1. How can the WMD operated by Britain be used should the United States withdraw its support or act preventively?
All British nuclear warheads are manufactured and maintained in the UK. The UK has previously manufactured all classes of nuclear weapons currently in service during the time the US was embargoing nuclear technology (see the tests at Christmas Island for details - these were up to and including thermonuclear weapons with a yield in the Megatonne range, which are no longer deployed). The capabilities required may not currently exist in the UK, but the knowledge required for them and the industrial base to generate them does exist. The rest is a matter of money and a small amount of time - time we are guaranteed to have because of the shelf life of the existing weapons and stocks of special nuclear material.

2. Were any reassurances required by the Bush Administration before it renewed the US-UK Mutual Defence Agreement in 2004 concerning the direction of British defence and civil nuclear policy?
Funnily enough, this is exactly the sort of thing that is kept secret.

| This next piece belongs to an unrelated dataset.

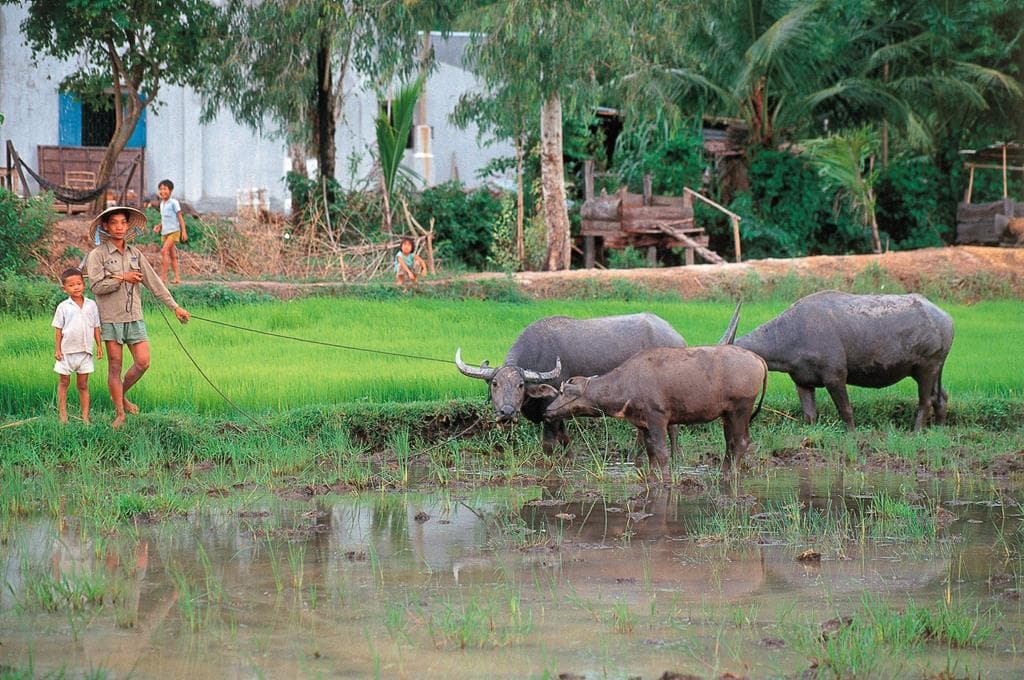 17-daagse rondreis Highlights van Vietnam 3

In any case, this would be the subject of ongoing discussions rather than a single occasion.

3. How near to production is the US-assisted nuclear weapon the Conservative government tested and developed after Trident and cancelled in October 1993?
I'm not aware of any such weapon, nor does the timetable seem plausible. Trident was just in the process of entering production at this time, and the warhead/bus system had been fully tested to go with the new missiles. This may be referring to a putative enhancement to Trident, but almost certainly does not refer to an entire new system. In any case, given the changed strategic environment with the end of the cold war and the CTBT this work is liable to be of very little use/relevance.

4. How much of the spending at Aldermaston is on equipment and services from US companies?
How much of the spending at Oak Ridge is on equipment and service from UK companies? The numbers are likely to be surprisingly similar due to the nature of the relationship between the two countries and the level of exchange of data/special nuclear material.

The UK does not, and never has had fully independent nuclear capability.
On that basis (and following their arguament that the UK did not have an independent deterrent during the time the McMahon act was in operation) neither has the US. I don't see him claiming that because the US has not got an independent nuclear capability it should give up all it's nuclear weapons (probably because of the number of people who would think him mad).

This course of action will not supply Britain with a weapon it could use if it ever stood alone as in 1940.
1) The warheads are of entirely British manufacture for this very reason. HMG is almost ridiculously paranoid about this sort of thing - they just never admit to it.
2) The missiles have a substantial maintenence life, and in the nature of such things will still be reasonably reliable after several times the maintenence life. Furthermore the UK has the full design details for multiple older nuclear warhead designs and the ability to manufacture them into deliverable freefall weapons in short order. The Tornado was also designed from the start as a nuclear strike aircraft, and while the role has been removed it is still capable with minimal modification.

With greater freedom of action to work with the US , the EU and other partners, the UK should renew the multilateral disarmament agenda which achieved so much in the 1980s and 1990s.
Like doc said, this one's pretty laughable. The net effect of arms control has been to make the nuclear balance less stable, and in any case the arms control has followed political developments rather than led them.